* [What the task asks] Leave the pictures out. Retype exactly the lines below from the one containing "Tom Tailor megztinis" through the one containing "CS-MTX601TW", and no others.

* [Provided data]

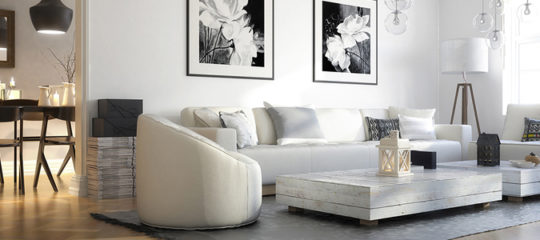 meuble designer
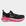 Preto, Rosa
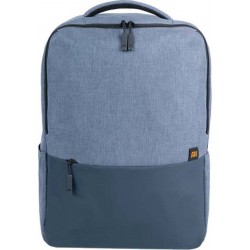 Xiaomi Commuter Backpack Light Blue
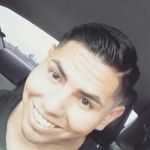 Robert Quintana R.T.(R)(CT) - @mrquintana - Instagram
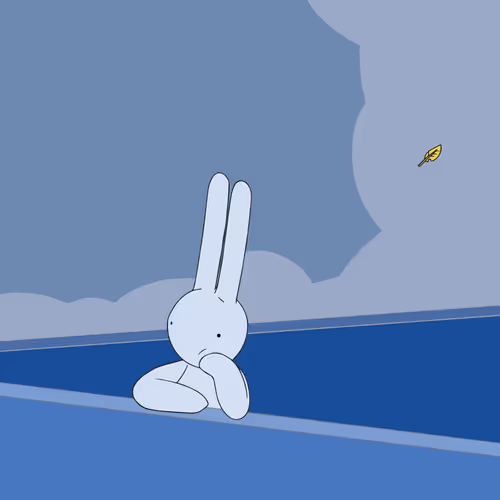 Item #13627059854875641416840216189067398954072177649126666111131169580772984094721 Media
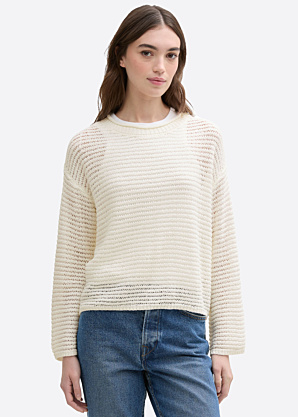 Tom Tailor megztinis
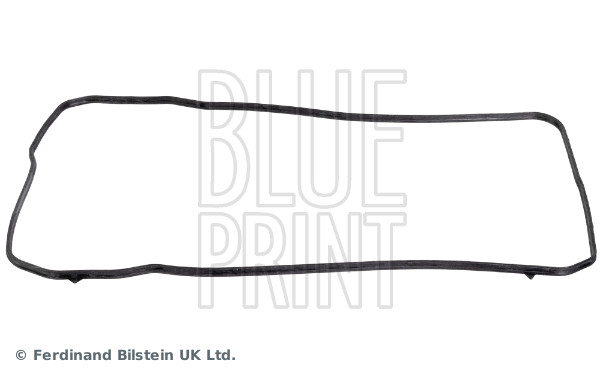 BLUE PRINT Tiiviste, venttiilikoppa ADT36794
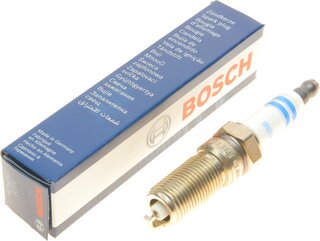 Bosch 0 242 236 678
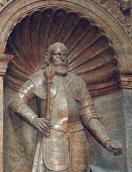 Півпостать Станіслава Жолкевського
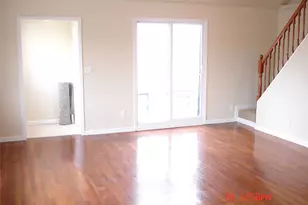 129 Maple St, Long Beach, NY 11561 - Photo 8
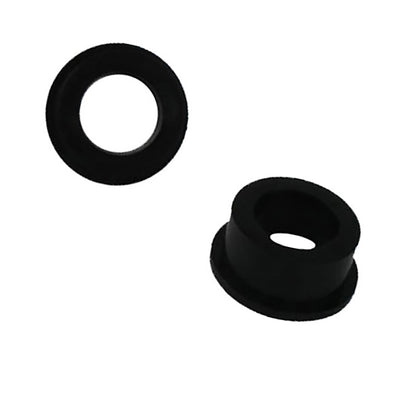Discontinued - Andersen 1/2 Inch Diameter Handle Bushing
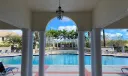4775 Cadiz Circle Photo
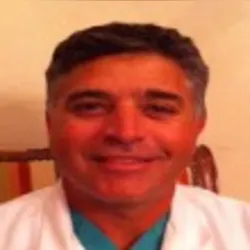 H07 Nl Cmr St Elizabeth Trevino H07 Nl Cmr St Elizabeth Trevino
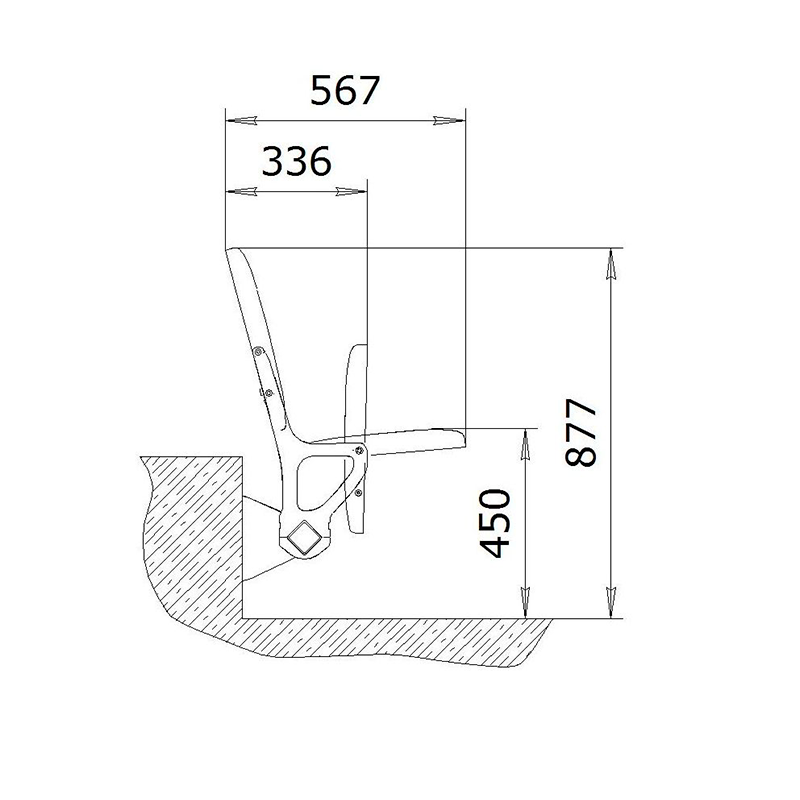 Техническое изображение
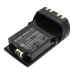 CS-MTX601TW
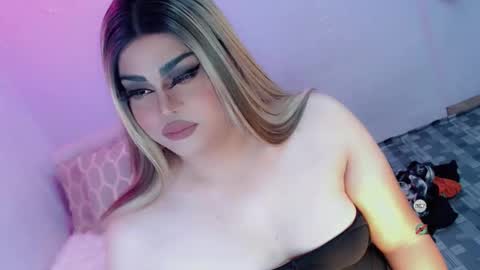 xsabbylicious69 online show from November 2025 02:47:02 AM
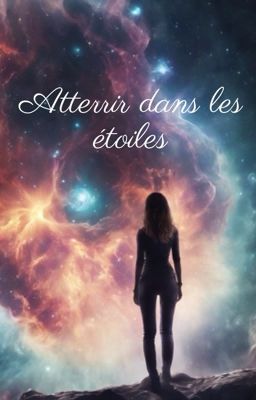 Atterrir dans les étoiles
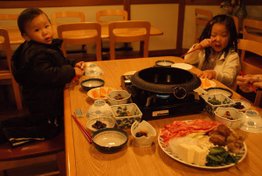 DSC00656[1].JPG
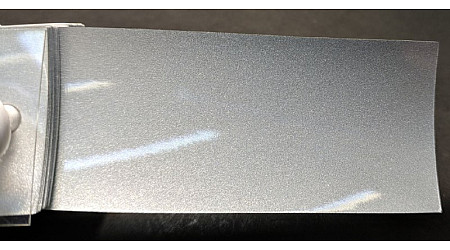 Tinta Hyundai NCA PRATA SLEEK MET, PRATA SLEEK, PRATA SILVERSTONE Tinta Hyundai NCA PRATA SLEEK MET, PRATA SLEEK, PRATA SILVERSTONE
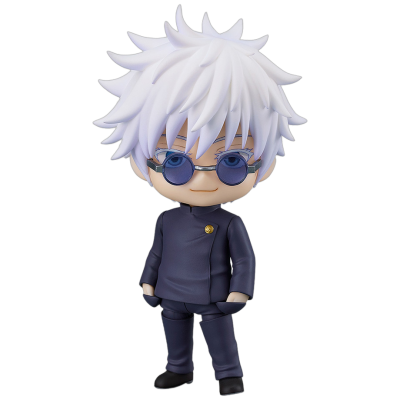 Nendoroid Satoru Gojo: Tokyo Jujutsu High School Ver.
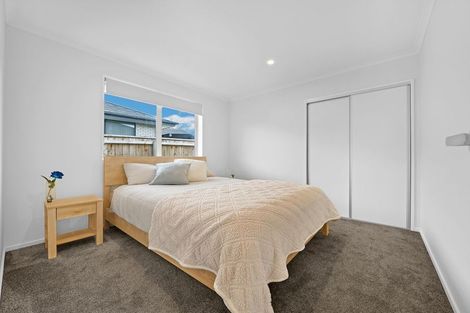 Photo of property in 7 Bathurst Crescent, Pokeno, 2402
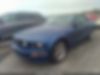 1ZVHT85H465133991-2006-ford-mustang-1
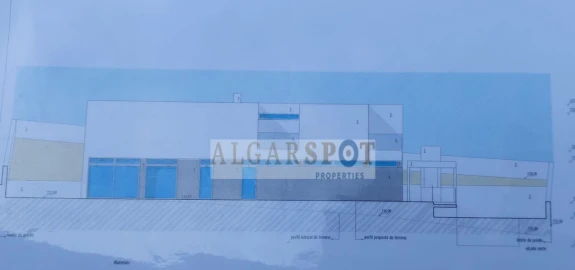 Moradia T3 para Venda em Loule (São Clemente)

* [Task answer]
 Tom Tailor megztinis
 BLUE PRINT Tiiviste, venttiilikoppa ADT36794
 Bosch 0 242 236 678
 Півпостать Станіслава Жолкевського
 129 Maple St, Long Beach, NY 11561 - Photo 8
Discontinued - Andersen 1/2 Inch Diameter Handle Bushing
4775 Cadiz Circle Photo
 H07 Nl Cmr St Elizabeth Trevino H07 Nl Cmr St Elizabeth Trevino
 Техническое изображение
 CS-MTX601TW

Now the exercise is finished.